A PersonaPack bundles multiple agent personas into a single CRD. When activated, the PersonaPack controller stamps out all the Kubernetes resources — SympoziumInstances, SympoziumSchedules, and memory seeds — automatically.

This guide walks through creating a custom PersonaPack from scratch.


Prerequisites

  • Sympozium installed (sympozium install)
  • Familiarity with PersonaPacks concepts
  • An API key for your chosen provider (or a local inference server)

Anatomy of a PersonaPack

apiVersion: sympozium.ai/v1alpha1
kind: PersonaPack
metadata:
  name: my-team
spec:
  description: "My custom agent team"
  category: custom
  version: "1.0.0"
  personas:
    - name: my-agent
      # ... persona spec

Top-level fields

Field Required Description
description No Human-readable summary shown in the TUI
category No Grouping in the TUI (e.g. platform, security, devops, custom)
version No Semantic version of the pack
policyRef No Default SympoziumPolicy for all generated instances
baseURL No Override provider API endpoint (for Ollama, LM Studio, etc.)
personas Yes List of agent personas (see below)

Persona fields

Field Required Description
name Yes Identifier — used as suffix in generated resource names
displayName No Human-readable name shown in the TUI
systemPrompt Yes The system prompt defining the agent's role and behaviour
model No Override the model for this persona (otherwise uses the onboarding-time default)
skills No List of SkillPack names to mount
toolPolicy No Restrict which tools the agent can use
schedule No Recurring task configuration
memory No Initial memory seeds
channels No Channel types to bind (e.g. ["telegram", "slack"])
webEndpoint No Expose this persona as an HTTP API

Step 1: Define personas

Start by defining the agents in your team. Each persona gets its own SympoziumInstance when the pack is activated.

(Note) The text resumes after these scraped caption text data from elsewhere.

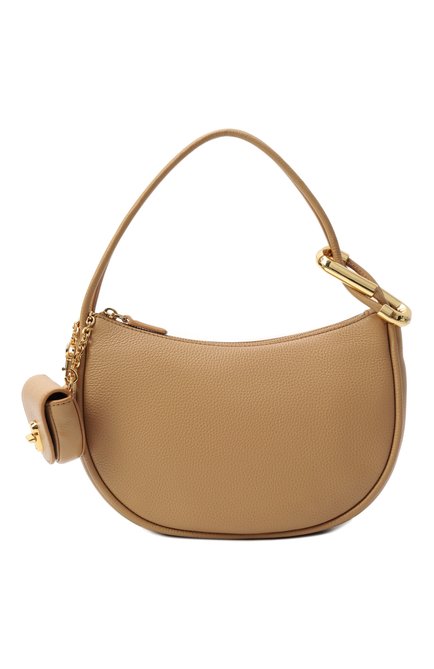 Женская сумка the dual MARC JACOBS (THE) темно-бежевого цвета, арт. 2S5HSH005H02 | Фото 1 (Материал: Натуральная кожа; Автоматизация ТО: Проставлено; Автоматизация состава: Проставлено; Размер: medium)
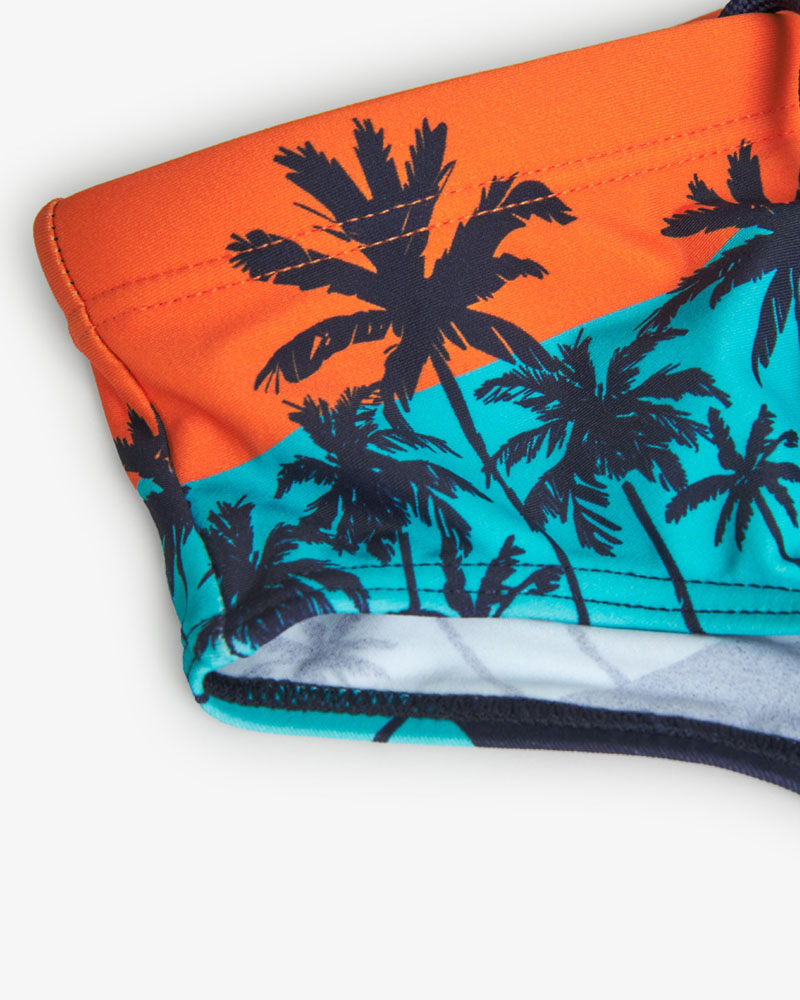 BOBOLI Slip swimsuit "palm trees" for boy - 838324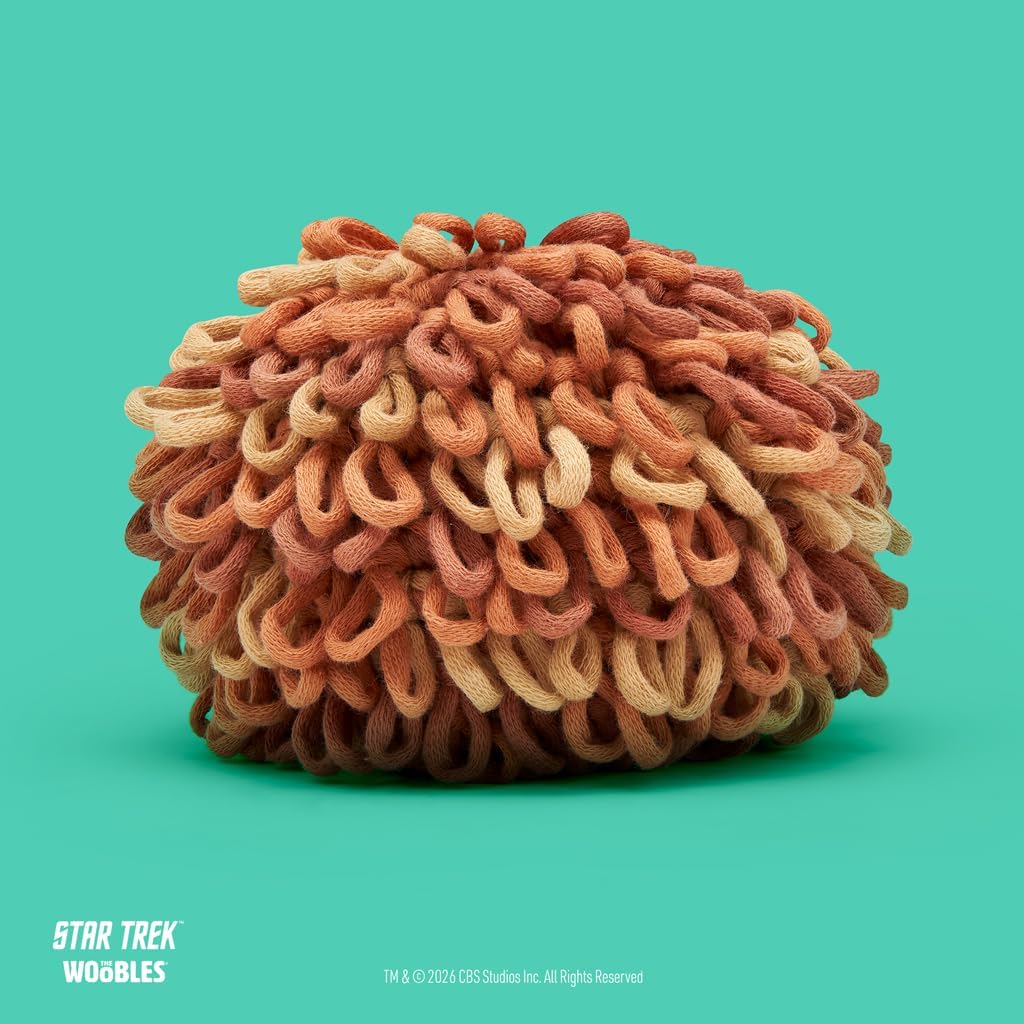 The Woobles Star Trek Crochet Kit for Beginners with Easy Peasy Yarn as seen on Shark Tank – Arts & Crafts Adult Knitting Kit with Step-by-Step Video Tutorials - Tribble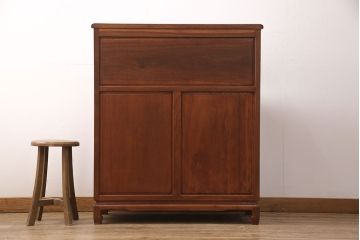 中古　高級唐木家具 ライティングビューロー(簿記机、在宅ワーク、在宅用デスク)(R-049753)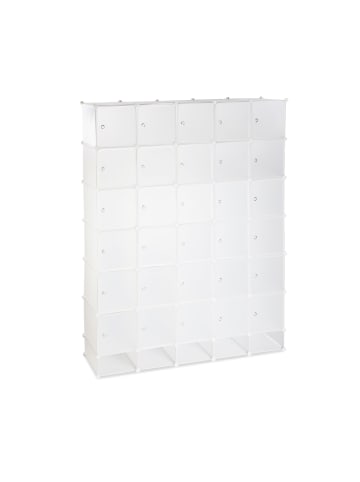 relaxdays Kleiderschrank Stecksystem in Weiß - (B)180 x (H)234 x (T)46,5 cm
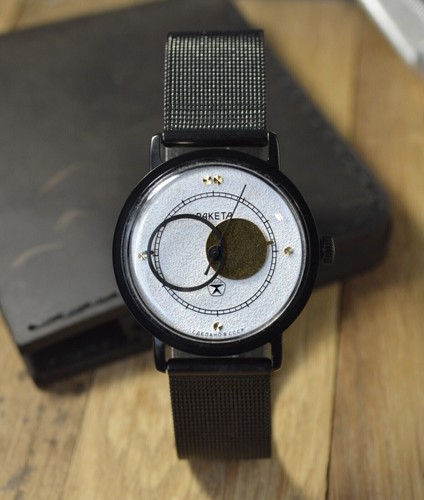 Men's Vintage Watch Raketa Copernic Wrist Watch Vintage 1980s USSR Rare Serviced - Picture 14 of 14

apiVersion: sympozium.ai/v1alpha1
kind: PersonaPack
metadata:
  name: data-team
spec:
  description: "Data engineering agents for pipeline monitoring"
  category: data
  version: "1.0.0"
  personas:
    - name: pipeline-monitor
      displayName: "Pipeline Monitor"
      systemPrompt: |
        You are a data pipeline monitoring agent. Your job is to:
        - Check the status of data pipeline CronJobs
        - Verify that output datasets are fresh (last-modified < 2h)
        - Alert on failed jobs or stale data
        - Provide summaries of pipeline health

        Always check the actual state of resources before reporting.
        When you find issues, include the relevant logs and events.
      skills:
        - k8s-ops

    - name: schema-auditor
      displayName: "Schema Auditor"
      systemPrompt: |
        You are a schema auditing agent. Your job is to:
        - Review ConfigMaps containing schema definitions
        - Check for backwards-incompatible changes
        - Verify schema versions are consistent across services
      skills:
        - k8s-ops

Tips for system prompts

  • Be specific about the agent's role and responsibilities
  • List concrete actions the agent should take, not vague goals
  • Specify output format — tables, summaries, or structured reports
  • Include guardrails — what the agent should not do
  • Reference tool capabilities — if the agent has k8s-ops, tell it to use kubectl

Step 2: Add schedules

Schedules trigger agent runs automatically. There are three schedule types:

Type Use case Example
heartbeat Regular polling at a fixed interval Check cluster health every 30m
scheduled Run at specific times (cron expression) Daily report at 9am
sweep Periodic sweeps of resources Audit RBAC every 6h
    - name: pipeline-monitor
      displayName: "Pipeline Monitor"
      systemPrompt: |
        ...
      skills:
        - k8s-ops
      schedule:
        type: heartbeat
        interval: "30m"
        task: "Check the status of all CronJobs in the data namespace. Report any failures or jobs that haven't run on schedule."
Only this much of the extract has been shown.